[Exercise aim]
Transcribe exactly, and without pictures, only the lines from the one bearing "So the answer" through the final line of the data below.

[Stored data]

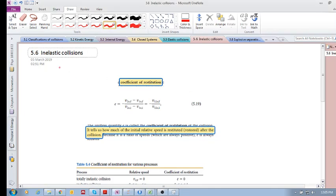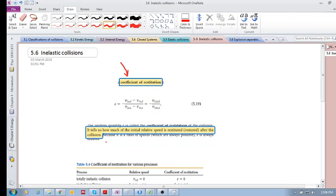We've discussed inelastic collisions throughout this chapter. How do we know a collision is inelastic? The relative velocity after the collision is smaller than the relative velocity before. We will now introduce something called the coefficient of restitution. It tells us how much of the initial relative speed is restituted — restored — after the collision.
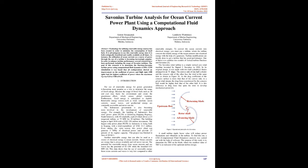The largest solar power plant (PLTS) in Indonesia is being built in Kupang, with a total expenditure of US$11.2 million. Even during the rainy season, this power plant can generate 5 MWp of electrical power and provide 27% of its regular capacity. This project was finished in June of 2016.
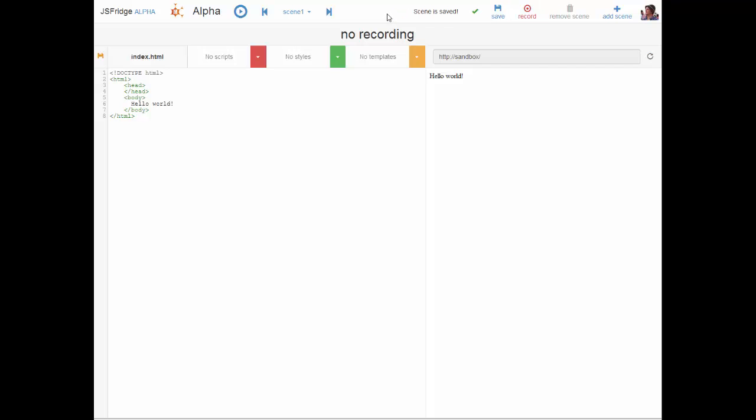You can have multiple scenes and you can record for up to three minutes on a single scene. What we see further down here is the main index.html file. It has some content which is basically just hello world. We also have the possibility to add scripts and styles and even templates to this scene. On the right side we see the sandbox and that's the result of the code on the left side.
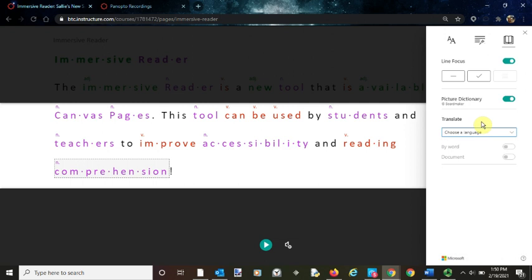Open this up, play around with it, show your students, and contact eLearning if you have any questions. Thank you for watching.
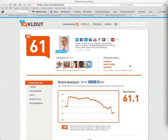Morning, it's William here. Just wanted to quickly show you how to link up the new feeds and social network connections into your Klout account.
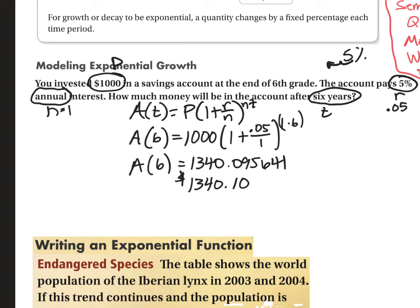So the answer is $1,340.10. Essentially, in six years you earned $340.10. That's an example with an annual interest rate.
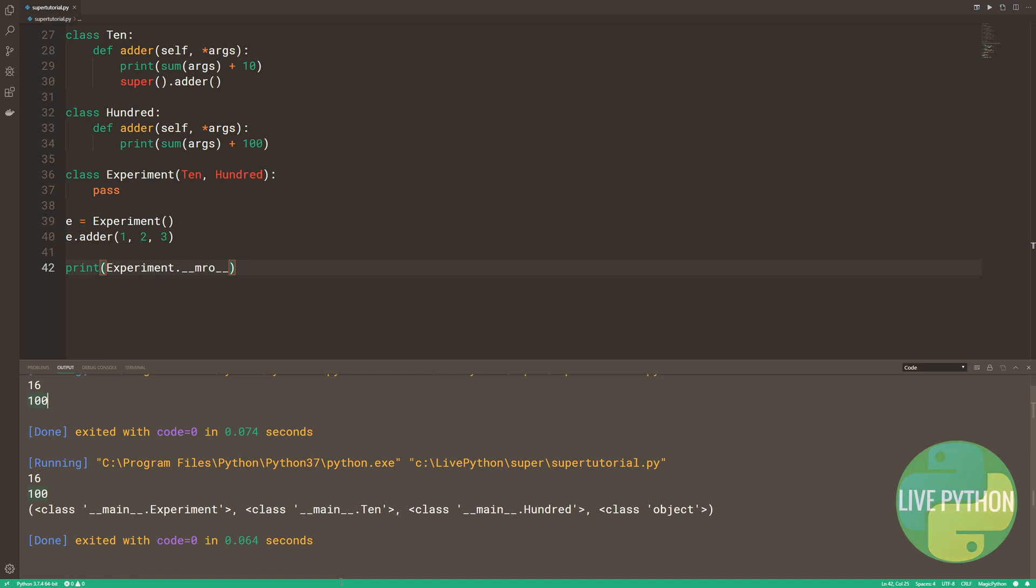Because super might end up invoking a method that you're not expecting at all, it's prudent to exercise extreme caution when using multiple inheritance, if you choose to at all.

[Reply]
So the answer is $1,340.10. Essentially, in six years you earned $340.10. That's an example with an annual interest rate.
Because super might end up invoking a method that you're not expecting at all, it's prudent to exercise extreme caution when using multiple inheritance, if you choose to at all.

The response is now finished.